I see some similarities with deprecated functions. You can still use them this version, but they are possibly removed the next version. So I see the transitional version as deprecated use. It still works and it will work for a couple of versions, but if you want to build for the future, use the strict version.



回答9:

Strict is intended to formalize the separation between content and style by making it more difficult to commingle the two. Elliotte Rusty Harold has a good write up on XHTML in one of his books, here's the relevant excerpt on 'Why XHTML'.



回答10:

The only thing I've seen solved by XHTML is the "problem" of users using Safari: I don't know if the bug is still there, but when we were last asked to write in XHTML, we ran across a bug that made XHTML unusable with Safari. In XHTML, the following URL isn't allowed in anchor tags, because the ampersand isn't escaped:

http://www.example.com/page.php?arg1=val1&arg2=val2

so what you have to do is replace it with &amp; like this:

http://www.example.com/page.php?arg1=val1&amp;arg2=val2

but Safari converts &amp; to &#38; so you get this URL:

http://www.example.com/page.php?arg1=val1&#38;arg2=val2

...and the hash symbol ends the URL as far as PHP is concerned. I know that there are ugly hacks that allow you to pass two variables in other ways, but if XHTML is going to force you to use ugly hacks, then you're better off without it.



回答11:

Personally, I liked the concept of XHTML: much cleaner than most HTML we can see, easier to parse and validate. Like everybody, I started to code XHTML pages. BTW, I don't see an issue with inline JavaScript, no need for escapes if you put the code in CDATA. And IE5 is fortunately a bit out of the browser landscape, like Netscape 4 which forced us to write / > instead of />, thing I still see in pure XML sometime...
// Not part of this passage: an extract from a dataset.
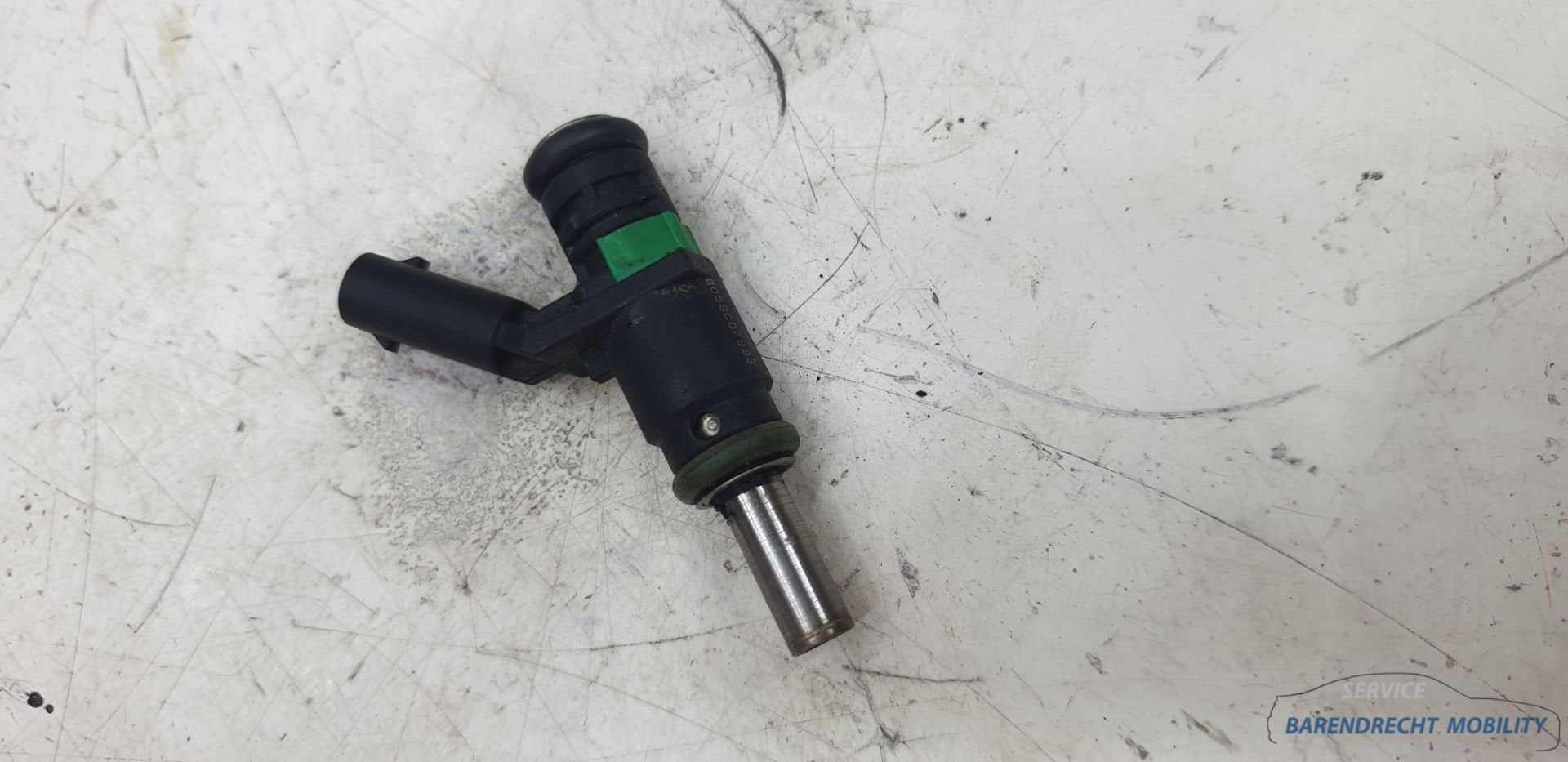 Benzine injector Mercedes A B Klasse 200 turbo 2.0 000078912, Gebruikt, Mercedes-Benz AG, Mercedes-Benz, Mercedesstrasse 120
70372  Stuttgart, DE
Now, I have read a number of articles, like the one linked by Bruno, which has lot of good arguments against its use in most cases. Basically, it says most browsers aren't just ready for strict XHTML (served as XML), it doesn't make much sense to server XHTML as HTML, and anyway it isn't that useful in the majority of sites.

Look at the arguments above: they are perfectly valid, and it is great to be able to put MathML or SVG directly in the page, to transform XML with an XSLT parser, to process the page with an XML parser.
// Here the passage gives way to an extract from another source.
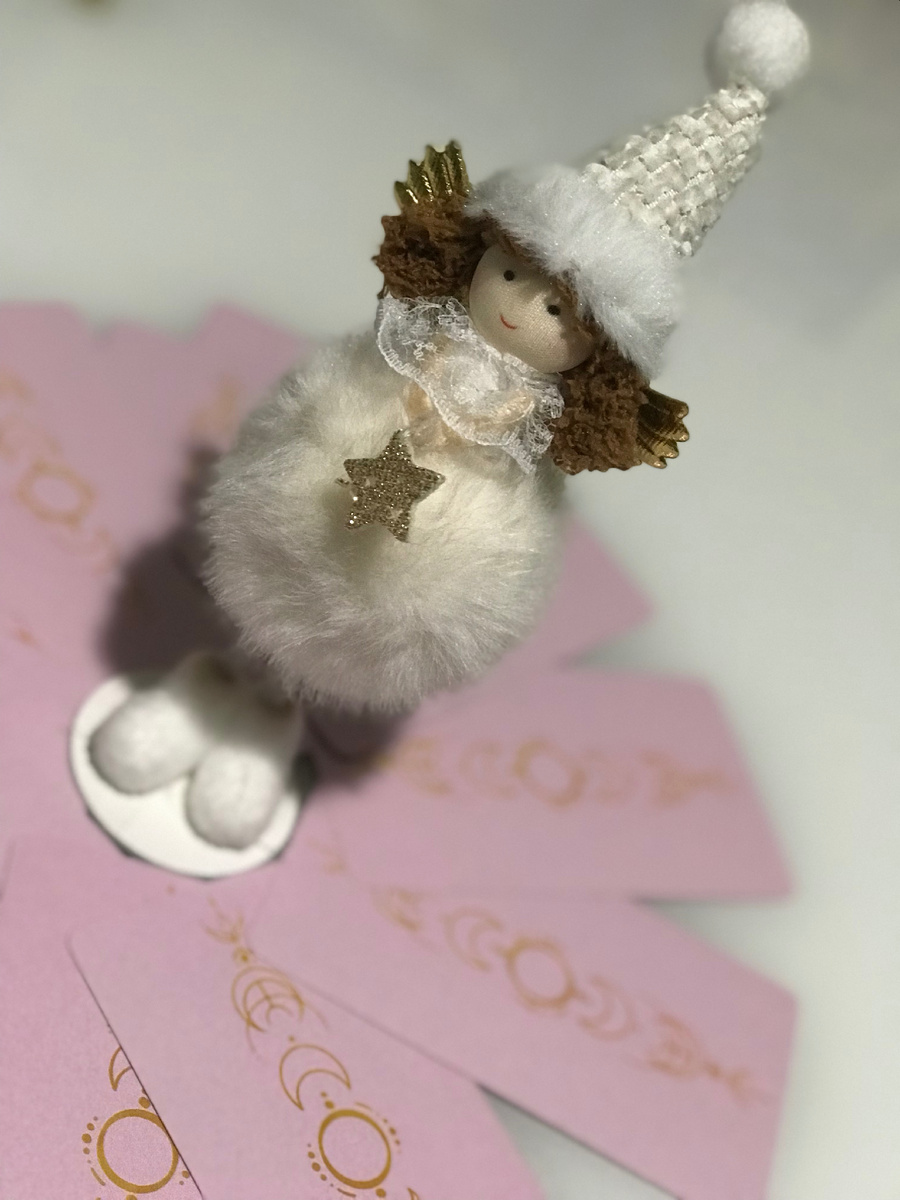 Доброго времени суток,моя роковая красотка!)Ты неотразима,а значит будет напряженный момент!)Читай скорее!!!!!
But how often do you do that? Parsing the page is most often the problem of end users, which can use a good HTML parser. And given the number of browsers able to manage MathML, SVG or XSLT, it is more a need for intranet than for the vast Internet.

You can have an e-commerce or a blog or a forum, which spits out good XHTML pages. And the persons writing the descriptions, articles or messages insert <p><p><p> to skip some lines, when it isn't <p/> or some other exotic construct...

I believe in XHTML, but I think I will no longer use it for the little pages I do for my site. I will use HTML 4 with well written code (quoted attributes, closing tags even if optional, etc.).
And after all, if W3C is working in HTML 5, it is for a reason: HTML has still a live ahead, otherwise it would have been killed in favor of XHTML 2.



回答12:

XHTML is by definition XML, unlike HTML.

This means you can do funky useful stuff with it, such as easily validate and parse it (since you know it's XML and thus can use the myriad of tools available).

Also, geeks like to make things "more correct" ;-)



回答13:

This is a global standard issue

This is not just about xHTML, but about all the standards in the world. You need to make things clearer, from version to version.

xHTML is square and pushes coders to add semantic value to the code. It's fully XML compatible and therefor more easyly parseable, stylisable, etc.

Remember that a code is not just for coders, bot for machines too. In 10 years, people creating browsers or libraries won't want to implement the same complexes rules for old HTML processing but will rather expect something as clean as possible.

Search engine needs something to rely on to build semantic links between value and so it's better if there is only one easy way to do it.

And I am not talking about screen readers...

Standard, is above all, about going toward one unique open solution that fit everybody's need. Not just about adding new shiny features.